━━━━━ INFORMATION GIVEN ━━━━━
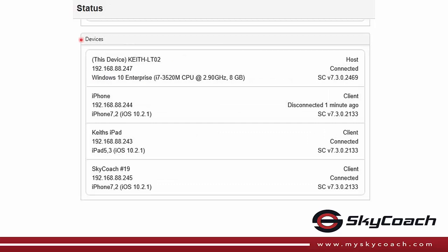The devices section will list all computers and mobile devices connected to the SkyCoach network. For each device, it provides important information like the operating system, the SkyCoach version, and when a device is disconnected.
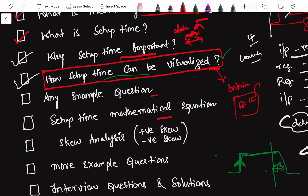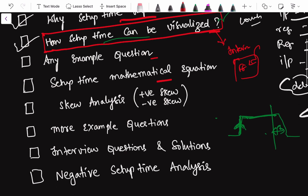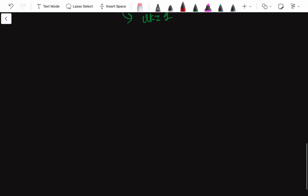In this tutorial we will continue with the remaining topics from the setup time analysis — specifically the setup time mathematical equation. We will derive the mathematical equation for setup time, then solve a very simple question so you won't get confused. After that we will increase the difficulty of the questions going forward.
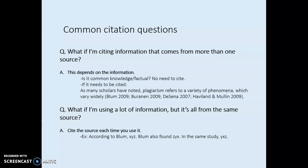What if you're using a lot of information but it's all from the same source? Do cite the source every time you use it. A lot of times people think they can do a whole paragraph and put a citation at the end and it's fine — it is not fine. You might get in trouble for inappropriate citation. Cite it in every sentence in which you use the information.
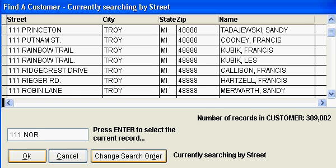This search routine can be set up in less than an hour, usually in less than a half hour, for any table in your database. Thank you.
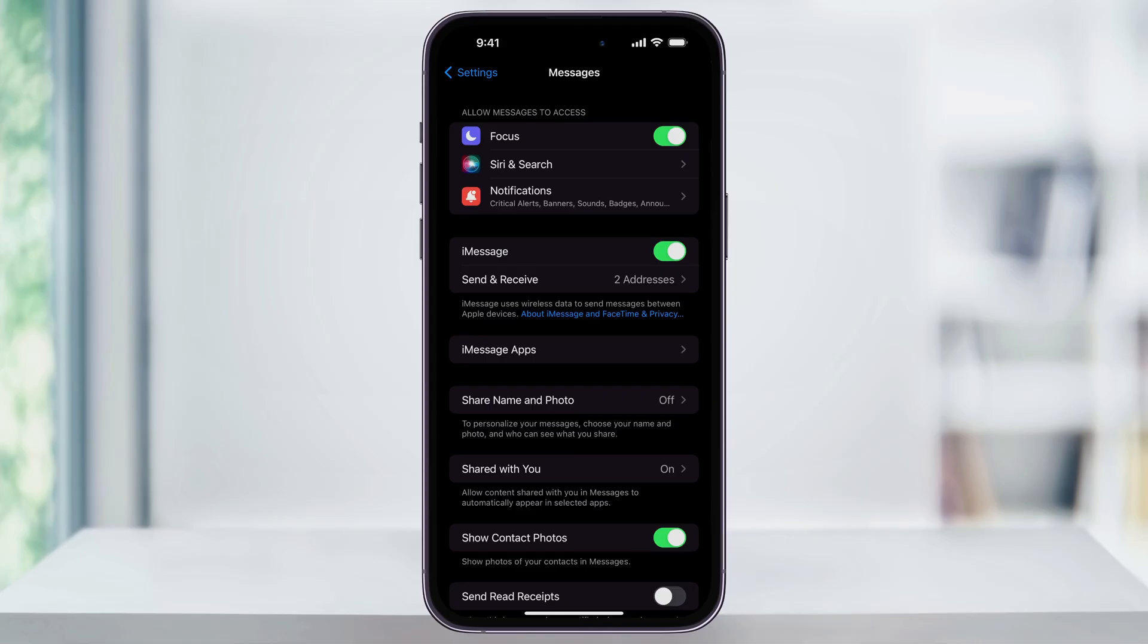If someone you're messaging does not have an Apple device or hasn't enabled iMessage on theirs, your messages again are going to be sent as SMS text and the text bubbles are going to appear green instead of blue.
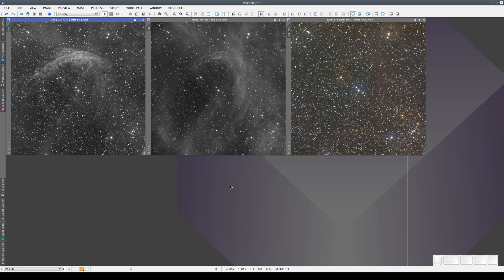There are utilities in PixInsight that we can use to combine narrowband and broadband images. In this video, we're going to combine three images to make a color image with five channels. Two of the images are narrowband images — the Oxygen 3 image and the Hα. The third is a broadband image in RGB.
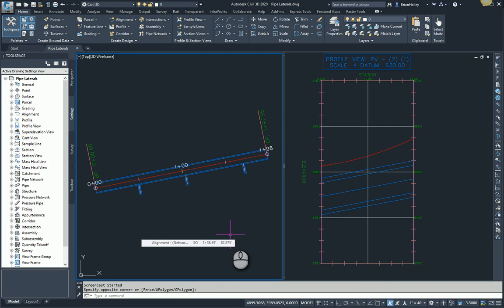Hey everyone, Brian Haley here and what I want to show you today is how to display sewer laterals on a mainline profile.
━━━━━
━━━━━ INFORMATION GIVEN ━━━━━
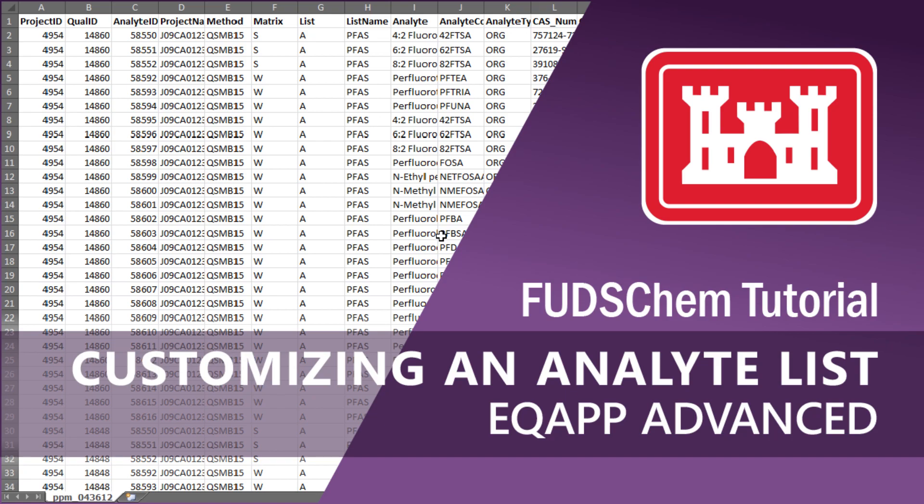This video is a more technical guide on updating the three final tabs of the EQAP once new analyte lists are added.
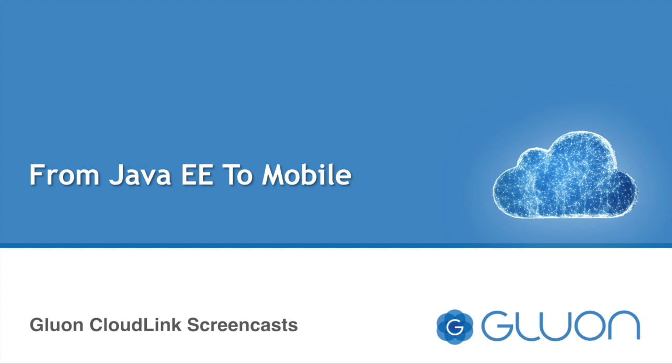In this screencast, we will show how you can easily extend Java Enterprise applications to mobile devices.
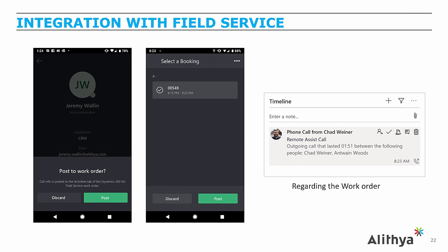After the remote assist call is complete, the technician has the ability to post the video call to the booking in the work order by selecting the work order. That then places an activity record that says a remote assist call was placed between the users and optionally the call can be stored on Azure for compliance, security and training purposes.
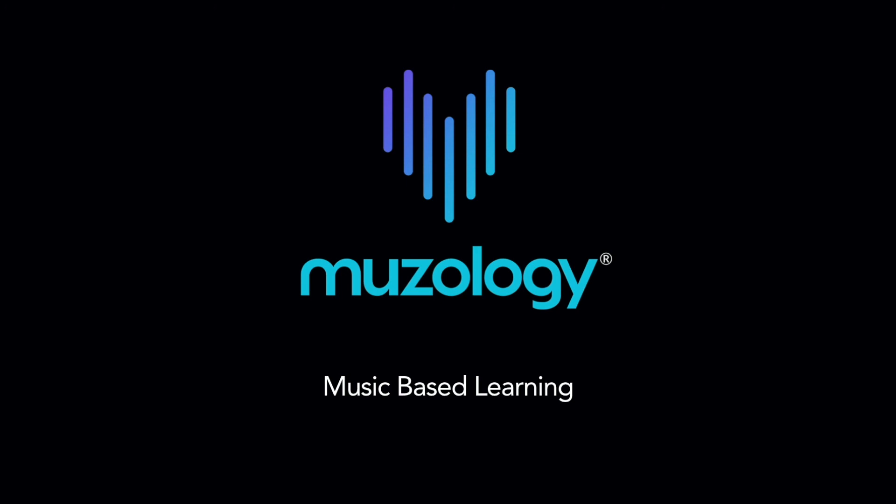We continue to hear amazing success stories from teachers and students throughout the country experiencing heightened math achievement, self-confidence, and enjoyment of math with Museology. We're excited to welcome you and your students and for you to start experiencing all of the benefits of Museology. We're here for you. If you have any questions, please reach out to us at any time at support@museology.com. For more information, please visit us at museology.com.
━━━━━
━━━━━ INFORMATION GIVEN ━━━━━
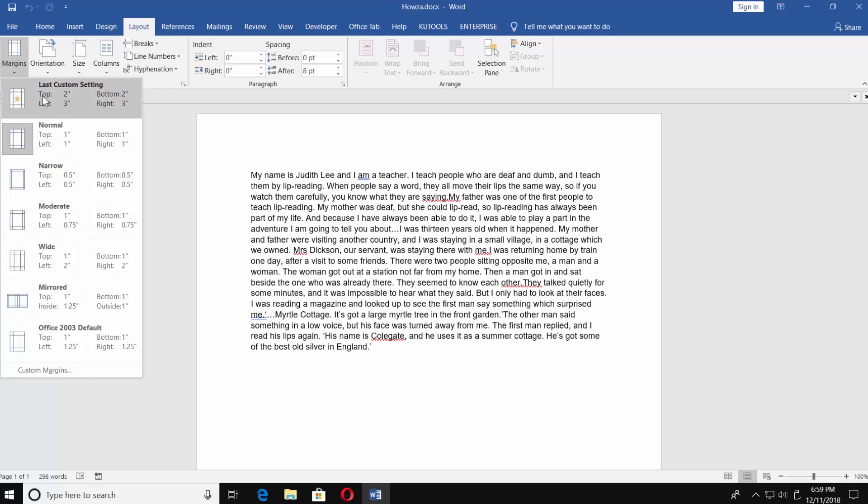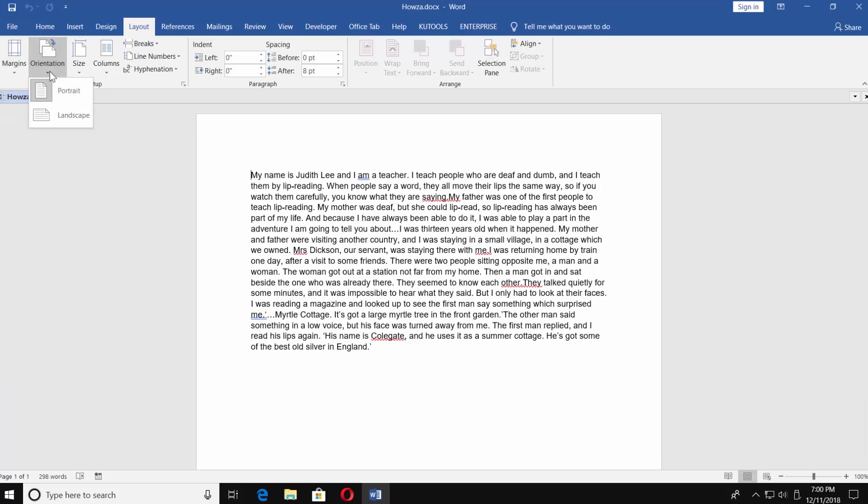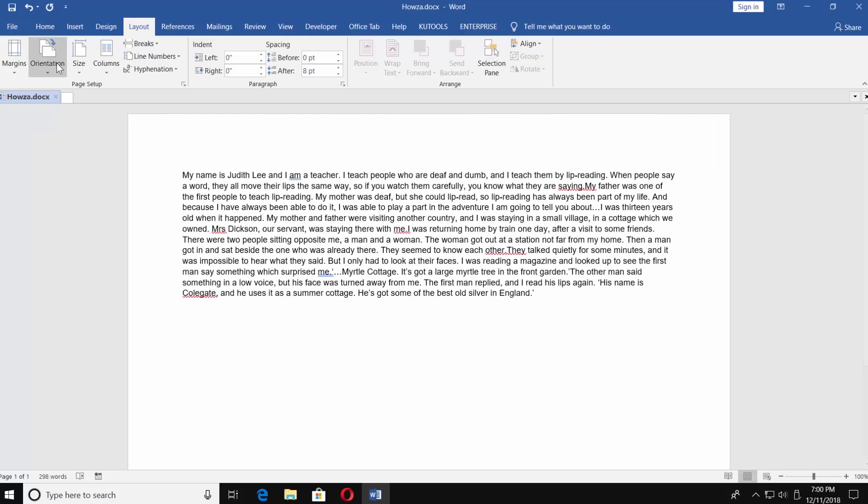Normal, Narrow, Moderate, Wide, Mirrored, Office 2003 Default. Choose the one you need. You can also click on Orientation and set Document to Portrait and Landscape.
━━━━━
TASK BRIEF: In the listing above, find the line containing "In this screencast, we" and the line containing "We continue to", then write out both of them and every line between, exactly, with no pictures.

YOUR SOLUTION:
In this screencast, we will show how you can easily extend Java Enterprise applications to mobile devices.
After the remote assist call is complete, the technician has the ability to post the video call to the booking in the work order by selecting the work order. That then places an activity record that says a remote assist call was placed between the users and optionally the call can be stored on Azure for compliance, security and training purposes.
We continue to hear amazing success stories from teachers and students throughout the country experiencing heightened math achievement, self-confidence, and enjoyment of math with Museology. We're excited to welcome you and your students and for you to start experiencing all of the benefits of Museology. We're here for you. If you have any questions, please reach out to us at any time at support@museology.com. For more information, please visit us at museology.com.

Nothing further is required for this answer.